| PROBLEM TO WORK ON |
For this exercise, reproduce the entries below exactly, but only from the line containing "Geometrische Muster, Handgeknüpft" through the line containing "Риза Marella дамска", both included.

| SOURCE MATERIAL |
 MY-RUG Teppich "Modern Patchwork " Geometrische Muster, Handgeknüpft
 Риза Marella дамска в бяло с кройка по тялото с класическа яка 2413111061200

--

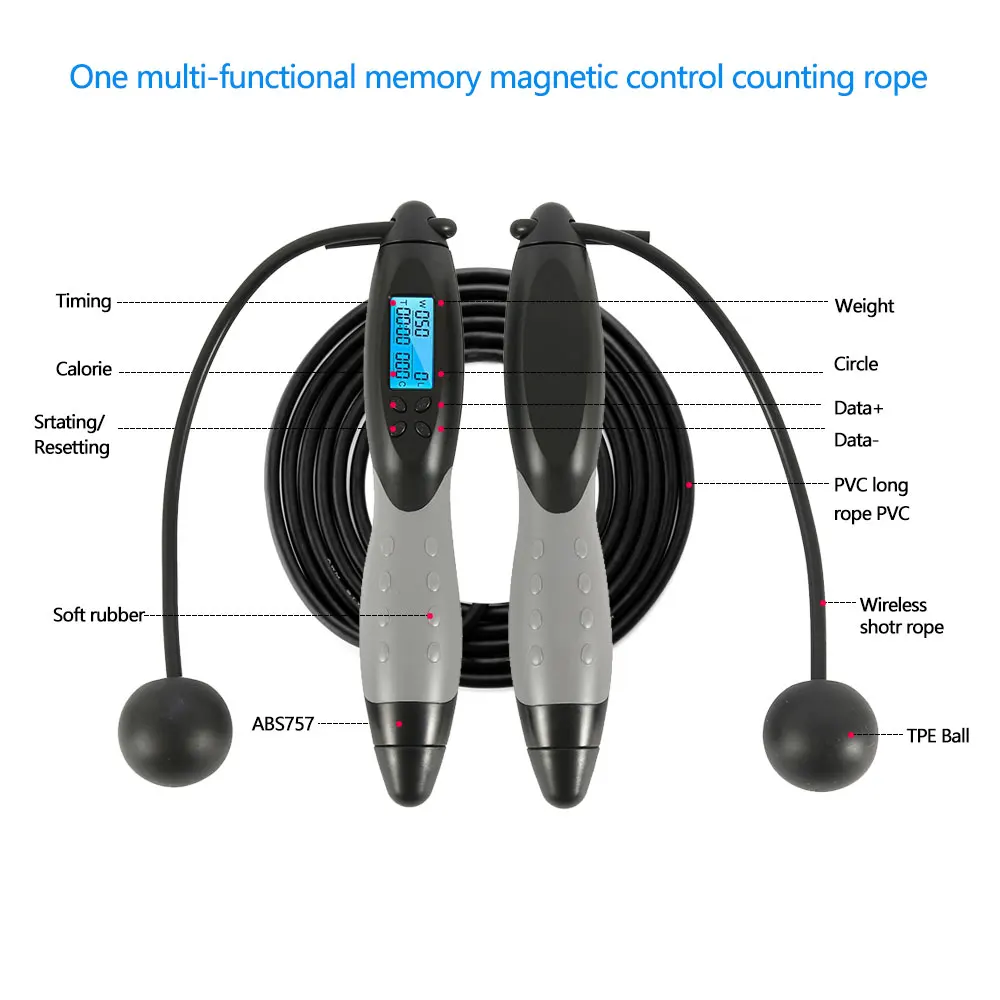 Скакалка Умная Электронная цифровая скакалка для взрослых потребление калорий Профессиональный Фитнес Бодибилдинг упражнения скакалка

| YOUR SOLUTION |
 MY-RUG Teppich "Modern Patchwork " Geometrische Muster, Handgeknüpft
 Риза Marella дамска в бяло с кройка по тялото с класическа яка 2413111061200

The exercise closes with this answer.